Complementação: Alguns produtores colocam cerca de 100ml de cachaça para cada 40 Litros de vinho, para evitar o retorno da fermentação. Também existem aqueles que acrescentam ácido salicílico para ter o mesmo resultado.
Nesta fase alguns preferem colocar 800gr de açúcar cristal puro ou fervido em água, para adoçar o vinho e trona-lo suave.
Para a fermentação não ocorrer novamente não pode ter açúcar e levedura, pois do contrário as garrafas irão estourar como espumantes.
|
2ª Fermentação - Gumercindo Eckel - Avencal São Pedro - Mafra |
ENGARRAFAR
É costume esperar a primeira geada para engarrafar o vinho, este pode estar pronto antes, mas as temperaturas abaixo de zero permitem uma cristalização e melhor definição de e menor acidez do vinho. Agora o vinho branco que inciou com o esmagamento da uva em um suco cor café com leite é transparente e cristalino, pronto para degustar.

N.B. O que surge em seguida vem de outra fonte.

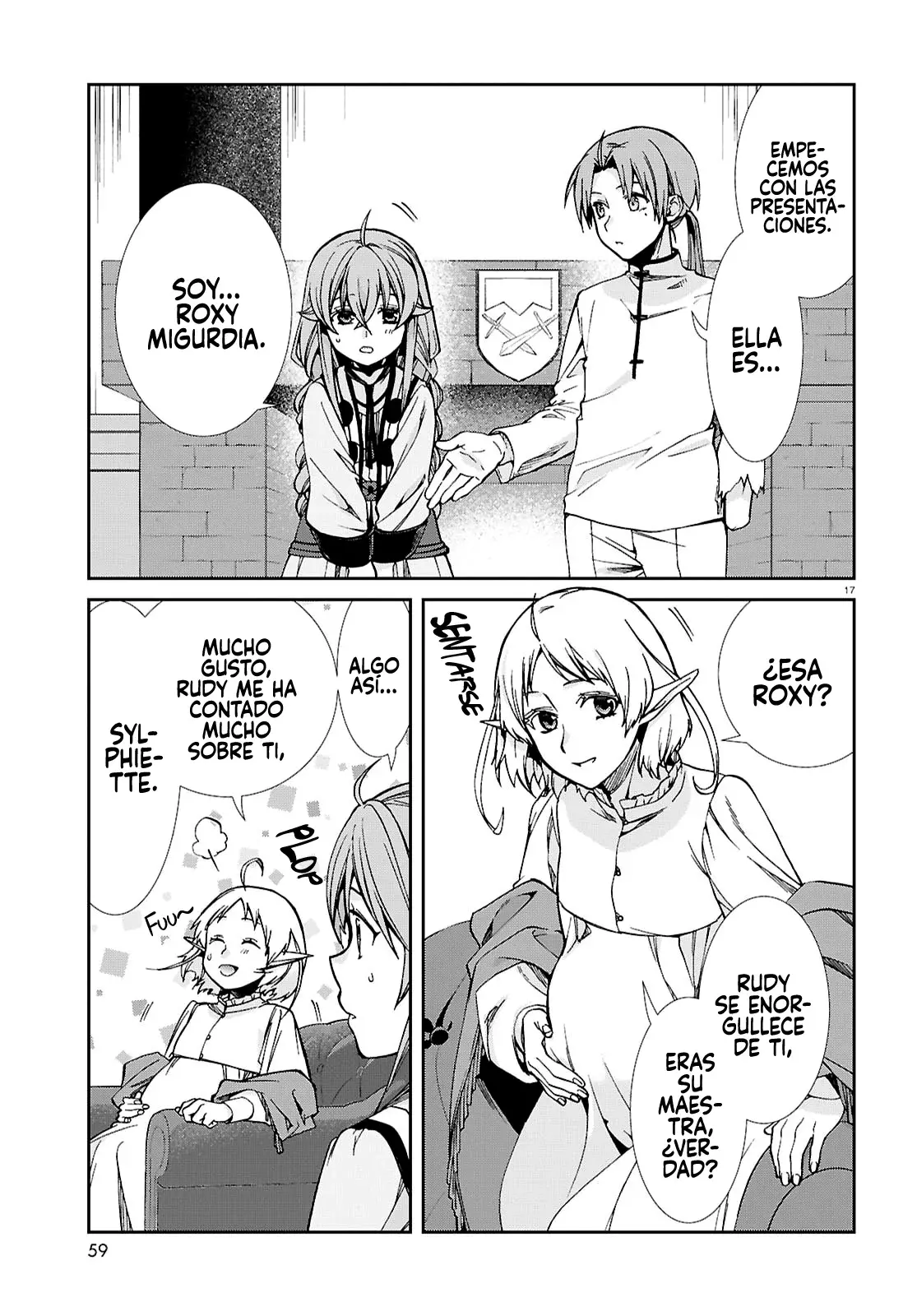 Mushoku Tensei: Isekai Ittara Honki Dasu Capitulo 116 página 20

O vinho tinto de cor forte e tosca é brilhante, cristalino próprio para degustar. Os vinhos europeus são bons para envelhecimento, em poucos anos, e revelam diferentes paladares, mas o vinho caseiro de uvas amerinas precisa ser degustado jovem, pois perde rapidamente suas características, sendo a principal lembrança da uva madura no parreiral.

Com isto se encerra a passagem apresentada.